Ainda estudante, guardava um grande preconceito
quanto a esse bioma. Era ignorante. Nasci na caatinga e lhe neguei o feito.
Desdenhava de suas matas secas, de sua aridez. Contudo, convivendo nesse
habitat, passei a conhecê-lo. Digo mais, passei a admirá-lo. Vivendo em seus
domínios, pude admirar sua beleza e respeitar sua importância. Da mesma forma,
também pude conhecer o sertanejo, esse indivíduo que sobrevive em condições
extremas e que tem como recompensa nosso desdém pseudocivilizado.
Lembrei Euclides da Cunha, que nos últimos anos do
século XIX foi designado a acompanhar a Guerra de Canudos no sertão da Bahia.
Voltando do conflito, publicou o livro Os Sertões em que descrevia o cenário,
os habitantes e o andamento da guerra – A Terra, O Homem e A Luta. Quero me
ater aos dois primeiros tomos do livro.
Escrevendo numa linguagem hermética, caprichada de
termos técnicos mesclados a neologismos, Euclides pinta um quadro do sertanejo
e seu lar com profundo tom determinista e generosas doses de racismo. Até hoje
observamos a influência de suas palavras quando assistimos aos repetidos
episódios de ataques a nordestinos, seja nas ruas ou em redes sociais.

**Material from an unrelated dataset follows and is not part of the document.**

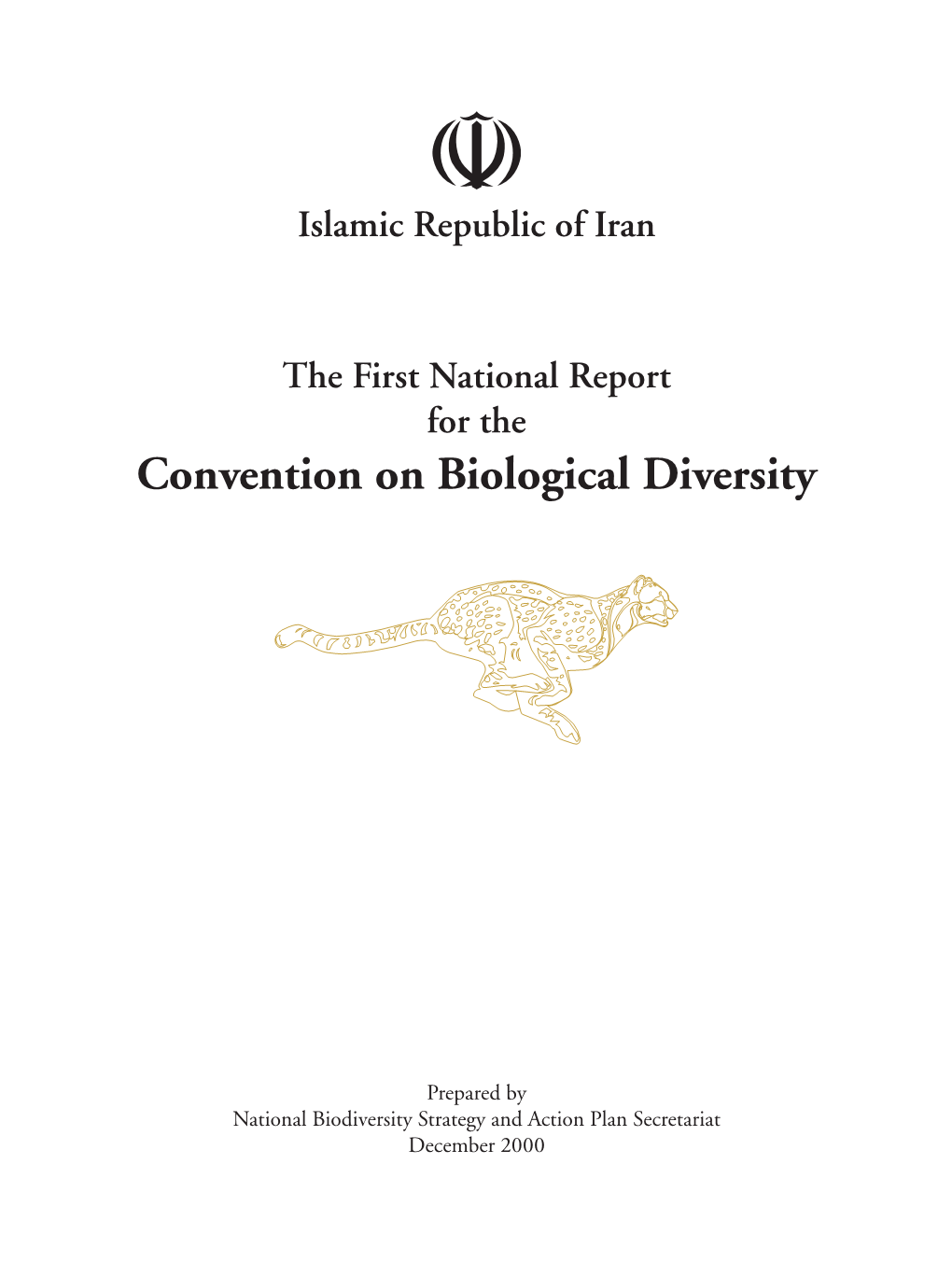 The First National Report for the Convention on Biological Diversity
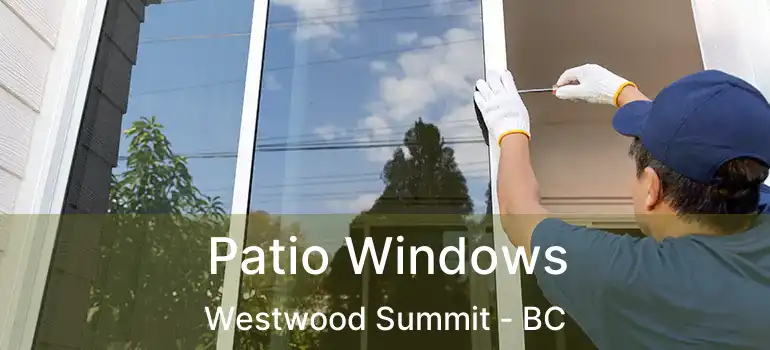  Patio Windows Westwood Summit - BC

Eis as palavras imortais de Euclides sobre o homem:
O sertanejo é, antes de tudo, um forte.
Essa
oração diz tudo sobre o homem que vive na caatinga. De certa maneira ele se
confunde com a vegetação, feia, tortuosa, dura, espinhosa. Mas traz em seu
âmago um poder transformador inigualável, uma fé inabalável, uma energia
imensurável. Pouco afeito as palavras, passa por rude. Não tem os modos que
criamos para parecermos melhores. Escondem as mãos sujas e calejadas do
trabalho. Desculpam-se por não ter roupas melhores ou por não oferecer algo
melhor que água – seu bem mais precioso.
Então
se transmutam. Vestem o gibão de couro e tornam-se heróis, desbravando a mata
intrincada atrás de uma rês perdida. Suportam horas de sol quente nas costas
para arar a terra e dela tirar seu sustento.
Seu
lar é tão surpreendente quanto. Uma vastidão marcada por áreas de chapadas, depressões
e elevações. A vegetação xerófila inclui desde gramíneas, arbustos e árvores. O
mandacaru e o xique-xique são elementos comuns em sua paisagem. O solo varia do
cascalho ao arenoso. Sua fauna é rica e desconfiada. Vive a espreita da onça
pintada e do caçador. Por vezes, são vítimas do fogo, que se espalha como o
vento por suas paragens. Alguns pontos convivem com seca intensa enquanto
outras são intermitentemente abençoadas com chuvas. Euclides observou na época
que a caatinga sofria com grandes temporadas de seca em períodos cíclicos de 9
a 12 anos que podiam ser recontados desde o século XVIII.
Apesar
de todo o sofrimento trazido pela estiagem, fui agraciado com o incrível
espetáculo de cores proporcionado pela natureza. As plantas verdinhas, ao longo
dos meses, foram mudando seus matizes, trocando seus trajes verdejantes por
cores quentes. Logo suas folhas irradiavam um amarelo que aos poucos encandeceu
num vermelho vivo. No mesmo período, a incapacidade de sustentar tantas folhas
com o escasso alimento fornecido pela terra fazia com que elas fossem liberadas
e forrassem o chão, tornando a mata num cemitério de caules brancos (caa =
mata; tinga = branca; do tupi).
Esse
fenômeno se repete periodicamente e ilustra de maneira soberba o ciclo da vida
e a importância da água nessa região. Basta caírem as primeiras gotas de chuva
e a mata recupera seu manto esmeralda.
Da
janela do carro, tentava ver o mais adentro da mata o possível. Tarefa absurda.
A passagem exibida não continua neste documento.